S.B.: Economically, it is easier for countries to catch up than to stay ahead. But that doesn’t mean you should be overtaken. In Switzerland’s case, several nations have now overtaken us in terms of GDP per capita, the most spectacular case being formerly very poor Ireland.
Also, [even rich countries] need growth to finance, for instance, social programmes. Name virtually any big social or political problem today, and it will always be easier to solve it with growth than without.
swissinfo: So how much growth does a country like Switzerland need?
S.B.: It’s quite clear that we will never go back to the spectacular rates of, let’s say, the 1950s or ‘60s. But I think we should be able to reach one or two per cent per year, per capita and in real terms.
swissinfo: Why is growth slower in Switzerland?
S.B.: Using traditional economic analysis, one partial explanation is the rate at which the ratio of government spending [to the overall size of the economy] has grown. But, in the end, the models cannot explain even half the discrepancy, so we have to look elsewhere.
There are two main candidates outside the traditional models – technology and politics.

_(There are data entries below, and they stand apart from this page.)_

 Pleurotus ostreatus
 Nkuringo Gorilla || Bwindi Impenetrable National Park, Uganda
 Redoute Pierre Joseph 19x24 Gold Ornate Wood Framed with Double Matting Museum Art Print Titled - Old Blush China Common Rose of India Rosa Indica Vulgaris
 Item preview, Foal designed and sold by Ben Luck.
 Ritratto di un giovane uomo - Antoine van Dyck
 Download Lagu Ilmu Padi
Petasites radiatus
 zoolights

Despite some possible exceptions – for instance, modern IT and communications technologies – it is hard to conclude that Switzerland has fallen behind technologically.
swissinfo: Is money being spent in the wrong places, or is it just that too much money is being spent?

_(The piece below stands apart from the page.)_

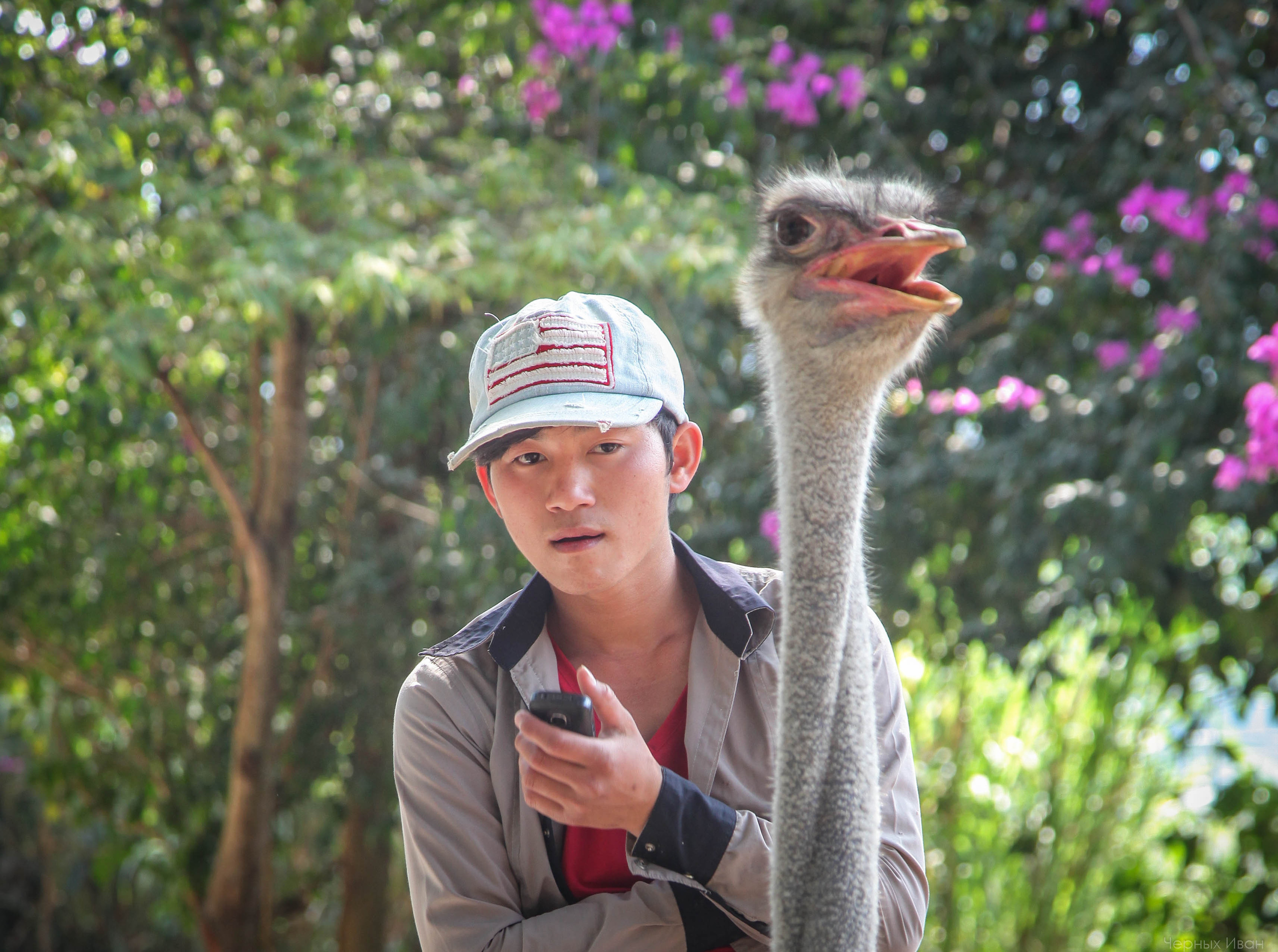 ВЬЕТНАМ. Стрит-фотография, полная абсурда, идиотизма и красоты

S.B.: I think it is spent in the wrong places. In agriculture, the level of support is about twice as high as in the EU.
Some public transport investment is also politically driven by the regions – so we build too many tunnels through the Alps and too many parallel lines.

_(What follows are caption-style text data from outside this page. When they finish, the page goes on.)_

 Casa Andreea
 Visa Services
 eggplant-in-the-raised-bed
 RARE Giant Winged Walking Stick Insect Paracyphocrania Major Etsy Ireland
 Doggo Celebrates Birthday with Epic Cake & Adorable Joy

Much social expenditure also tends to be wasteful – redistribution less from rich to poor than around the middle. This may be one result of Switzerland’s political “status quo bias”.
swissinfo: What do you mean?
S.B.: This has to do with the fact that we have popular votes on major issues. One key factor is that, because Switzerland is still a rich country, many people can live from their savings and are therefore effectively isolated from market realities.
There is thus a sort of institutional resistance to reform, for instance of the pension scheme.
swissinfo: What will happen if there is no change soon?
S.B.: I think we will see more political polarisation and a “reform logjam”. Things are only likely to change when the situation starts to hurt people more than it does now.
However, people may find they are less immune than they thought. For instance, even the value of savings depends on market factors. If economic development continues to stagnate, incomes will do likewise – and that will affect the value of houses.
swissinfo: What would it need to precipitate change?
S.B.: If reforms can’t be made within the current system, one possibility is joining the European Union. Then we would simply have to implement many reforms, be in the energy sector, cartel law or whatever. But this would not be my preferred scenario.
swissinfo: What would be?
S.B.: Ideally, like Norway, we would have joined the European Economic Area while defending our political independence. The Swiss franc is an asset to our economy and we do have certain political institutions worth preserving.
[Looking ahead], it is strange that the government says EU membership is not currently an issue. Maybe they mean the majority of people wouldn’t vote for it – but the issue doesn’t just go away.
swissinfo, interview: Chris Lewis
Switzerland, previously a relatively poor country, shot up to become one of the richest earlier this century.
However, following a deep recession in the 1970s, it has lost ground ever since compared to other OECD members.
While experts disagree over how best to measure growth, the choice of method makes little difference to the overall result.
Borner says there is a “Swiss illusion” that acquired wealth is a sufficient cushion against economic stagnation.
He also thinks Switzerland’s direct democratic system has a tendency to block introduction of badly needed reforms.
Borner sees only two ways out – internal reform or reform from the outside, i.e. through EU membership.